高さは10cm、横幅5cm程度の大きさで卵のような形をしています。人間の顔が彫刻してあり、側面にはテントのようなものと円の図形、反対側にはトウモロコシのような楕円と円の中に何かが描かれた図形、裏面にはVを逆さまにして交差させたような図形と三日月のような形、うずまきの図形が彫刻されています。文字にすると大分わかりづらいですが、卵型の四面にそれぞれ図形が彫刻されたものになります。
またこの石には頭頂部から底面に直径1,2mmの極めて小さい穴が貫通していると言う特徴があります。石の表面に彫刻をすることは世界的に見ても昔から行われていますが、この小さな穴を開けることは少なくとも現代の技術を使わないと開けられないとされています。現代的な工具を使わないと開けられない、金属ドリルのようなものを真っすぐ垂直に貫通させるには相当な技術が必要です。少なくとも19世紀以降の技術がないとこのような加工が出来なかったのではないかと言うのが定説になっています。
発見された背景からその状況や詳しい場所、地層などがわかれば調査は進むのですが、何せ100年以上も放置されていたので詳しいことが全くわかりません。またこの石の成分は石英や花崗岩が主成分とされており、非常に耐久性が高いため石そのものの放射性炭素年代測定などは行われていません。
よって、このミステリーストーンが一体なんなのかは判明しないままとなっているので、オーパーツとして扱われています。なかなか愛嬌のある顔をしていたり、シンボル的なものが彫られていたりと、何かしらの影響を受けていたのは確実ですが、その事で色々な説が唱えらえるのも事実です。
有力視されているのはアメリカ先住民であるイヌイットが制作した可能性です。彫刻のスタイルやシンボルが先住民の文化的なモチーフに似ている部分があります。もしこの先住民が制作したのであれば2000~3000年前のものである可能性が高く、その場合でも小さな穴が開けられた技術については全くの未知数です。その他に17~18世紀の白人による植民地時代に記念品や儀式的なオブジェクトとして使用されていた説や近代において商業的な目的で出自含めて偽造された説などがあります。まぁ全く未知のものであるなら疑われるのも当然ではありますよね。
石に顔が彫ってある石のようなものと言えば、筆者は真っ先に漫画”ベルセルク”の”ベヘリット”が思い浮かんでしますのです。ミステリーストーンは石なので黒色をしているし、顔がいくつもあるものではありませんが、この”ベヘリット”の元ネタはギリシャ語のベチルではないかと言われています。
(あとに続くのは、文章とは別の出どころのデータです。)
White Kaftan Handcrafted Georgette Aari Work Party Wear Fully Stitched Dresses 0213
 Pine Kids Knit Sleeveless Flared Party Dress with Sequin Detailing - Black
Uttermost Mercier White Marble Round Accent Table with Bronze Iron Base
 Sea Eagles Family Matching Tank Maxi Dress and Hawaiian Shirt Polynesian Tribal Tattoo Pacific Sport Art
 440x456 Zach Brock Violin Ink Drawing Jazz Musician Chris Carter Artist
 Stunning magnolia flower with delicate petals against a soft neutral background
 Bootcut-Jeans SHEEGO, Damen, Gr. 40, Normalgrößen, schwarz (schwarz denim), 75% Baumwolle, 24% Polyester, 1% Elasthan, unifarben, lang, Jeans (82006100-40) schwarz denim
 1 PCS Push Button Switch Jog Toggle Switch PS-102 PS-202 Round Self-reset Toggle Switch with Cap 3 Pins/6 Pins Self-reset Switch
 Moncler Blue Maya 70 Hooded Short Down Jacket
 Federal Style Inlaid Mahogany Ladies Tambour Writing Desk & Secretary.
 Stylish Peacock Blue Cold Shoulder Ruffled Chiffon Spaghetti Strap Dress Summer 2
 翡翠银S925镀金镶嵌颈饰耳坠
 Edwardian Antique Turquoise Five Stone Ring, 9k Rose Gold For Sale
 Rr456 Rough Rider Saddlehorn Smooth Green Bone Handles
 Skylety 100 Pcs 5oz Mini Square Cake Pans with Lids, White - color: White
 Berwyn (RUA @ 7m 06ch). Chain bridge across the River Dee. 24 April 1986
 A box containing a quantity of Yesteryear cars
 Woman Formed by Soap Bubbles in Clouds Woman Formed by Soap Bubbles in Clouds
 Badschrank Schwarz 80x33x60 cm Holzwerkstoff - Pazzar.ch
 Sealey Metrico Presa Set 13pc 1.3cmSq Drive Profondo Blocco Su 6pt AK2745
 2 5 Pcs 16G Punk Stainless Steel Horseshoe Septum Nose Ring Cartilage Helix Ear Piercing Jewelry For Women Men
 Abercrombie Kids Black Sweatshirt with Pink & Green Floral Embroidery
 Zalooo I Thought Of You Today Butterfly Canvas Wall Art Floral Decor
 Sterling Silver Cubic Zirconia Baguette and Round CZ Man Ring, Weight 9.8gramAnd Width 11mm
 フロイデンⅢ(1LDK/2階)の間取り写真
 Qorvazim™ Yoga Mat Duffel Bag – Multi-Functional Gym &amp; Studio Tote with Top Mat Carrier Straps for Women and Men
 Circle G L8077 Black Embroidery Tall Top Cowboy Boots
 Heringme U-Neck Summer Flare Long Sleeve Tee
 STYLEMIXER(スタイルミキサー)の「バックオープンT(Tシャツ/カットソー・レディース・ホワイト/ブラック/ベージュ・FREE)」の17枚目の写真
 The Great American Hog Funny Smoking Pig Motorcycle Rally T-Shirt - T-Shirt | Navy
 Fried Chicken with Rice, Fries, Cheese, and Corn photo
古代ギリシャや自然崇拝の神々の象徴として、このベチルと言う石が使われていたようです。
とは言うもののベヘリットのような顔が沢山ついていたり震えたり涙を流す訳ではありませんが、もし然るべき人がこのミステリーストーンを持ち歩いていたら然るべき時が来たら人智を超えた何かが起きるのかも知れませんね…。
と言うことでこの調査が全く見込めないこのミステリーストーンはオーパーツだと思います!
それでは今回はこの辺で。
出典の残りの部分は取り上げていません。